Alighting
Kathryn Jones
May 4, 2022
My sanctuary is a land of juniper-oak woodlands,
home of cardinals, chickadees, woodpeckers,
titmouse, wrens, crows, juncos. Each morning
they chirp and squawk, beseeching me
to fill feeders with black oil sunflower seeds,
the rock pond with water. Birds flutter down
like angels of a greater god. I feed them and
they feed me. They take refuge, here.
Endangered Golden-cheeked Warblers arrive
each spring, flashing their bright yellow faces.
They fly over mountains, migrate free of borders,
settle in this pocket of Texas, the only place
on Earth where they nest. Tiny beaks weave
strips of cedar bark with spider webs for cradles,
lay three or four eggs, one clutch a season.
Instinct makes a stand against extinction.
This sanctuary was theirs long before I came.

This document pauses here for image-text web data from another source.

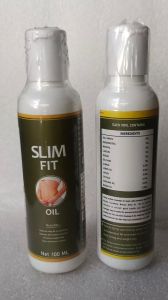 Slim Fit for Reduce Tummy and Fats Massage Oil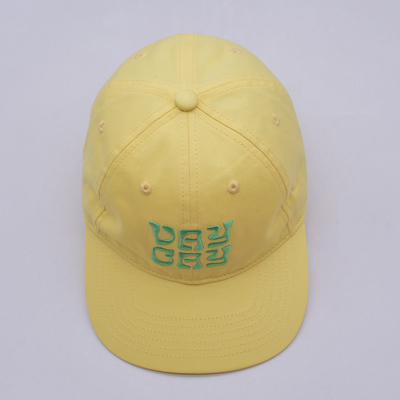 Conspicuous High Durability Flat Brim Snapback Hats In Black One Size Fits All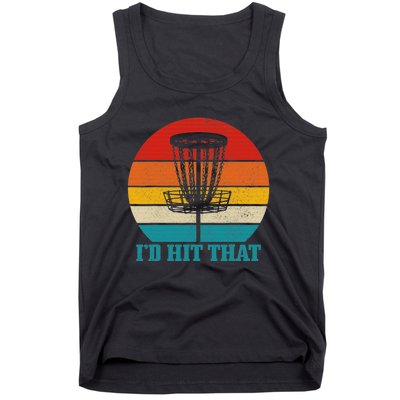 Cool Disc Golf Design For  Disc Golf Lover & Player Tank Top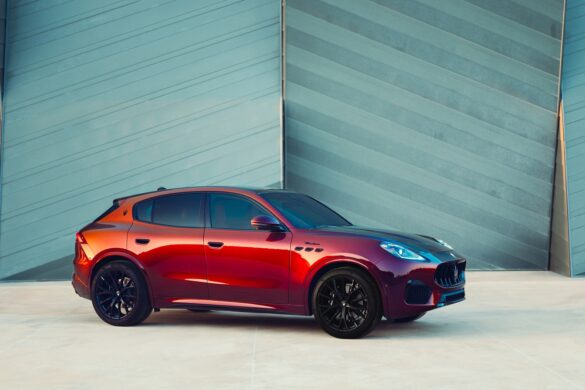 Maserati presenta Grecale Tributo Il Bruciato ispirata dal vino di Marchesi Antinori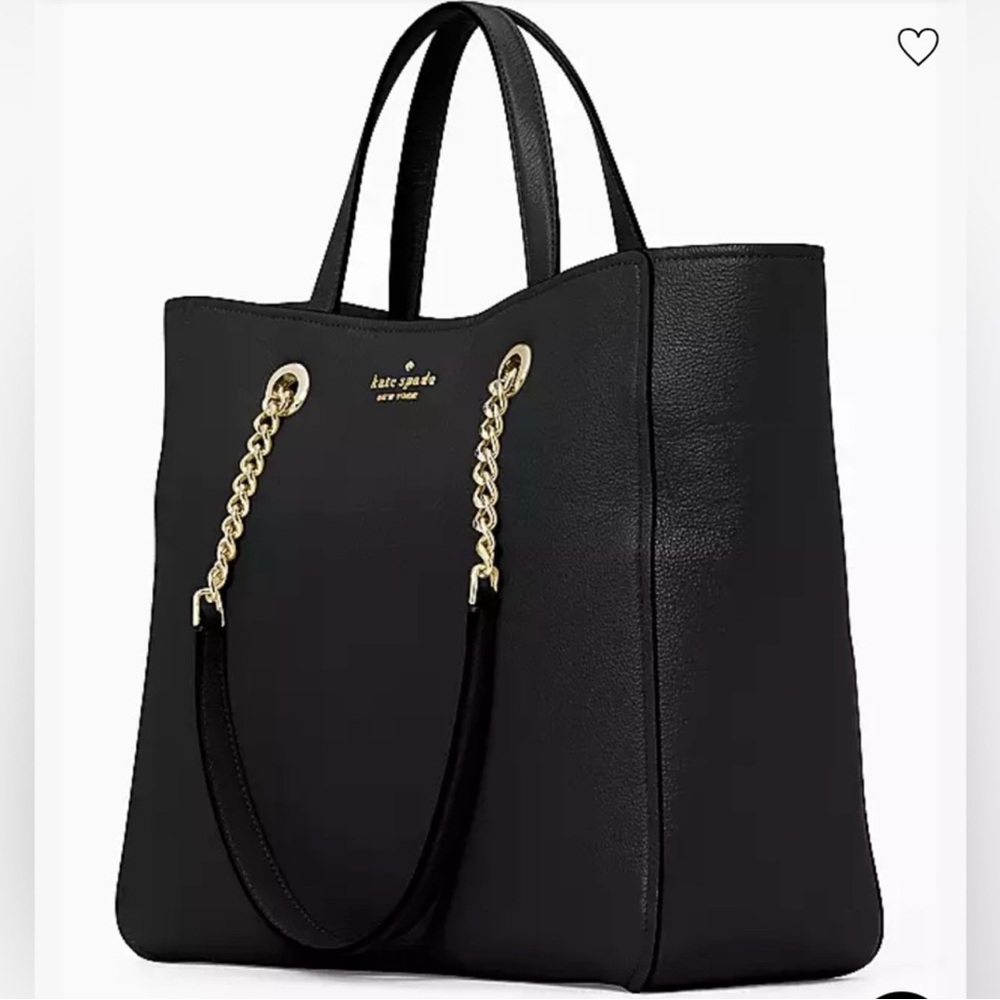NEW Kate Spade Infinite Large Triple Compartment Work Tote K6028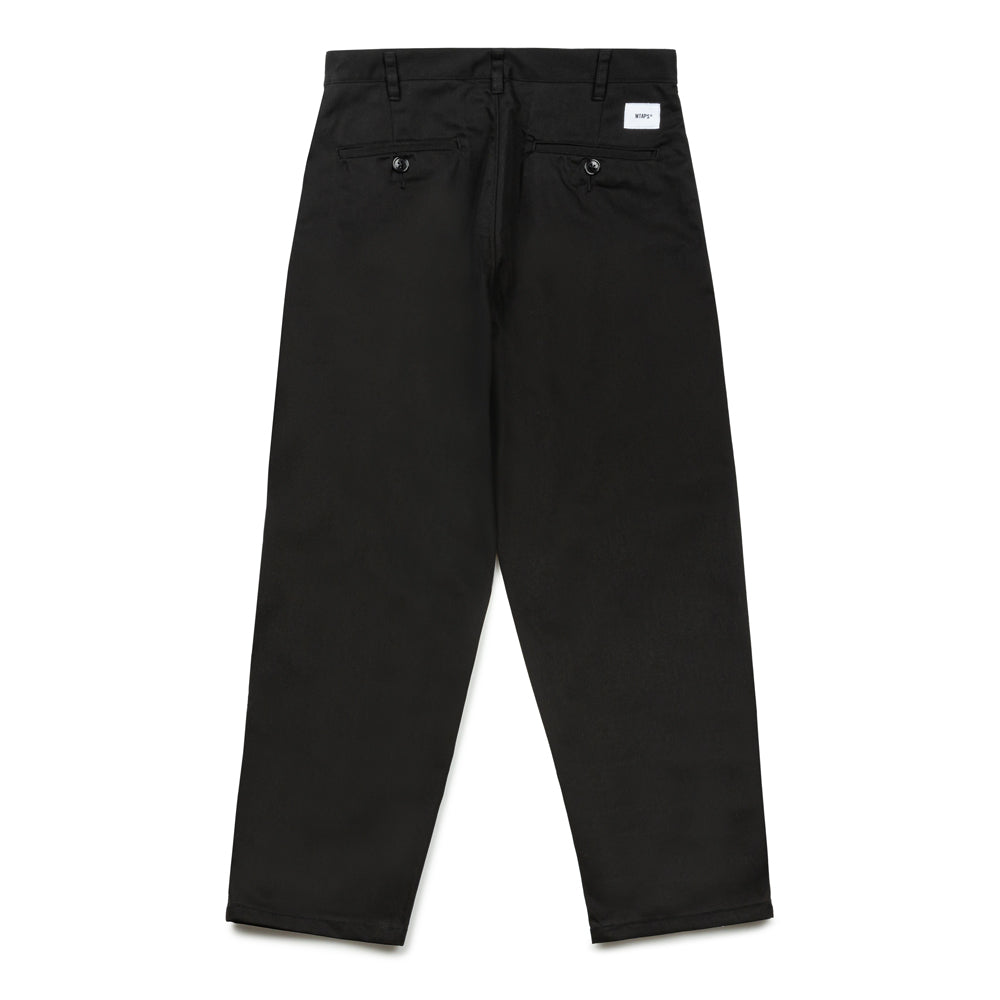 TRDT1803 / Trousers / CTPL. Twill | Black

How did we, different species of the same universe,
choose this place to alight? I watch warblers flit
between live oak branches, pecking at insects
hidden in lichens. They dip their beaks in water,
gold cheeks glowing against gray rock, then fly
back into the woods. I cannot touch them, but I feel
their wild hearts beating. I take refuge, there.
Kathryn Jones is a journalist, essayist, author, and poet. Her work has appeared in The New York Times, Texas Monthly, and in the anthologies A Uniquely American Epic: Intimacy and Action, Tenderness and Action in Sam Peckinpah’s The Wild Bunch (University Press of Kentucky, 2019) and Pickers and Poets: The Ruthlessly Poetic Singer-Songwriters of Texas (Texas A&M University Press, 2016). Her poetry has been published on tejacovido.com, in the Langdon Review of the Arts in Texas, and in the upcoming Odes and Elegies: Eco-Poetry from the Texas Gulf Coast (Lamar University Press). She is finishing a biography of Ben Johnson, the Academy Award-winning actor and world champion rodeo cowboy, to be published by the University Press of Mississippi. She was inducted into the Texas Institute of Letters in 2016.